Akihiro Yamaguchi of Japan competes in the final of men’s 200-meter breaststroke of the Swimming World Cup in Tokyo,Tuesday, Nov. 6, 2012. Yamaguchi, 18, who set the world record in September by timing 2 minutes, 7.01 seconds at a national meet in Gifu, central Japan, won the short-course race. (AP Photo/Koji Sasahara)


Akihiro Yamaguchi’s biggest problem is that he swims too fast.
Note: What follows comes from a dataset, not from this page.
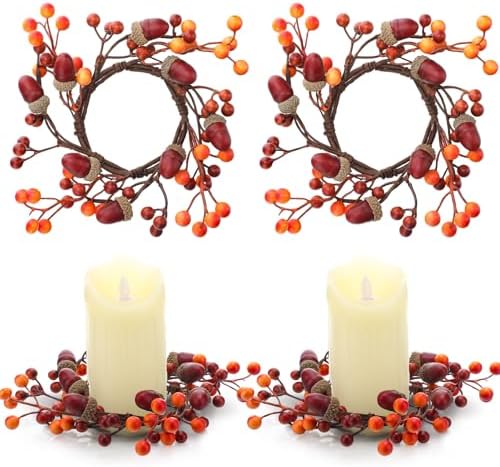 Daifunli 2 Pcs Fall Candle Rings Wreaths for Pillar 3.5 Inch Berry Acorn | Vintage Autumn Candles Holder, Artificial Table Centerpiece, Mini Fall Cabinet Wreath, for Thanksgiving Autumn Kitchen Decor by Huiinen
The 18-year-old Japanese swimmer recently broke the 200m breaststroke world record by more than a quarter of a second – quite a drop. But almost two months after resetting the mark, Yamaguchi is having trouble in his training pool.

And by that we mean there are too many people in the water.

“There has been a sharp rise in the number of people using the pool after I broke the world record,” Yamaguchi told Reuters. “I haven’t been able to find my top speed and my form is still not where it should be. I don’t have that explosiveness.”

Yamaguchi said the sudden jump in numbers is affecting his workouts.

Disruptions aside, Japan’s national coach Norimasa Hirai thinks Yamaguchi is better than four-time Olympic breaststroke champion Kosuke Kitajima was at age 18. Yamaguchi will race against some of the fastest swimmers in the world at the Short-Course World Championships in December, so we’ll get a sense of how accurate the comparison is then.

“This is the dawn of a new age for Japanese swimming,” Hirai said.

Japan won 11 swimming medals in London, the second highest total behind the United States’ 31.